For Raul Amador family was everything.
Family AND honor.
Or maybe it was honor above everything? – the idea that he could hold his head high while tending to his bar full of tourists or walking through town. Why else would he have been able to banish his 14 year-old daughter, Gabriela, on the basis of rumor? That was the day Lucy lost not only her sister but also her best friend. She thought she couldn’t do anything about at the time but when the after shocks of her father’s decision cracked the foundation of her life and family she set out to find her sister. Through the slums and red-light districts of Mexico City to the “gringolandia” of San Diego she searched everywhere. Would she ever find her sister again? And if she did, could she even begin to ask for forgiveness for doing nothing?

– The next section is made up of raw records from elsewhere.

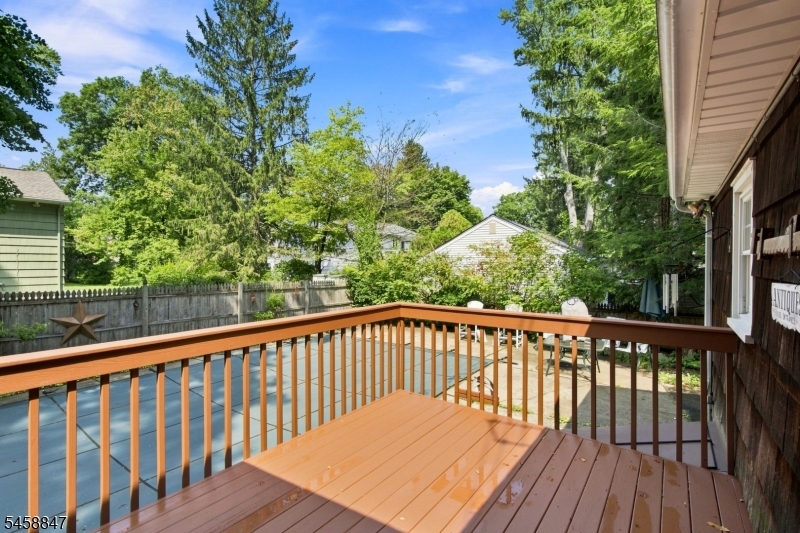 2 Mohican Trl Property Photo 5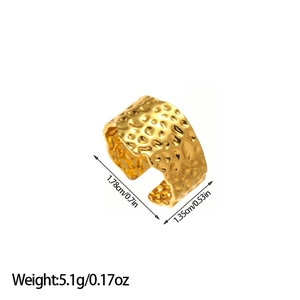 Détail de la bague large plaquée or 18 carats avec texture martelée et dimensions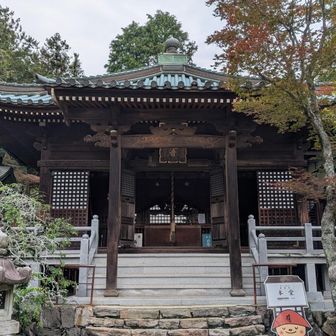 昨日、時間切れで入れなかった82番香根寺本堂を再訪。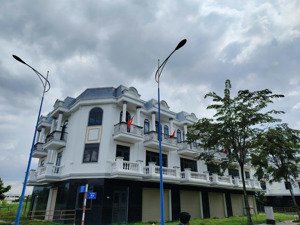 bán cắt lỗ nhà phố rich home bàu bàng, 3,4 tỷ còn 3,1 tỷ - 100m2, 3pn, 4wc sát kcn cực sầm uất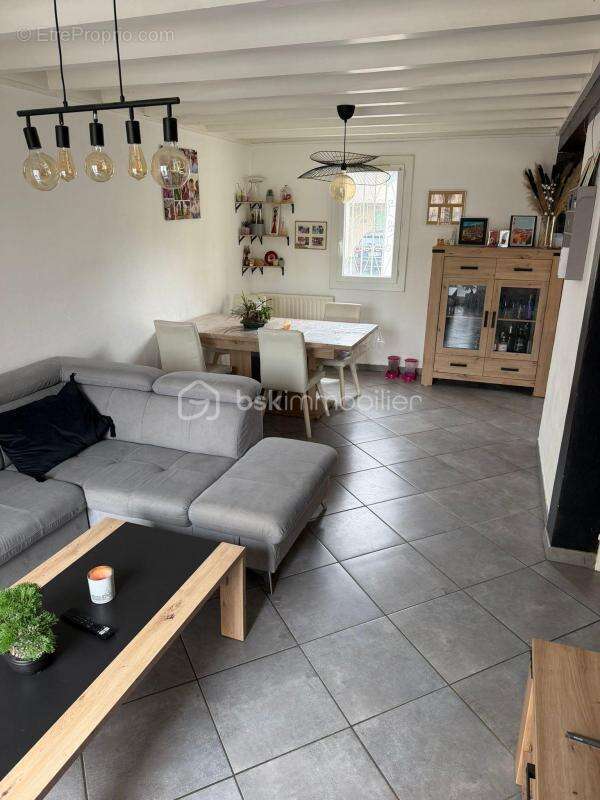 Maison à MORLAAS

“The Good Sister” is in turns heartbreaking and heartwarming, frightening and comforting, full of suspense and danger and then love and redemption. Ms. Bolan has created a gritty yet wonderful world populated by both truly hate-worthy characters and, while not always traditional, equally truly loving and warm characters. Lucy’s quest to find her sister is believable and I found myself cheering for her whenever something went right and despising those who made her journey more difficult. Ms. Bolan managed to grab hold of my emotions from the first page and not let go. Then I felt her squeezing just a little tighter, if that was even possible, when Gabriela’s whole story was finally revealed at the end of the book. Well done for a debut author!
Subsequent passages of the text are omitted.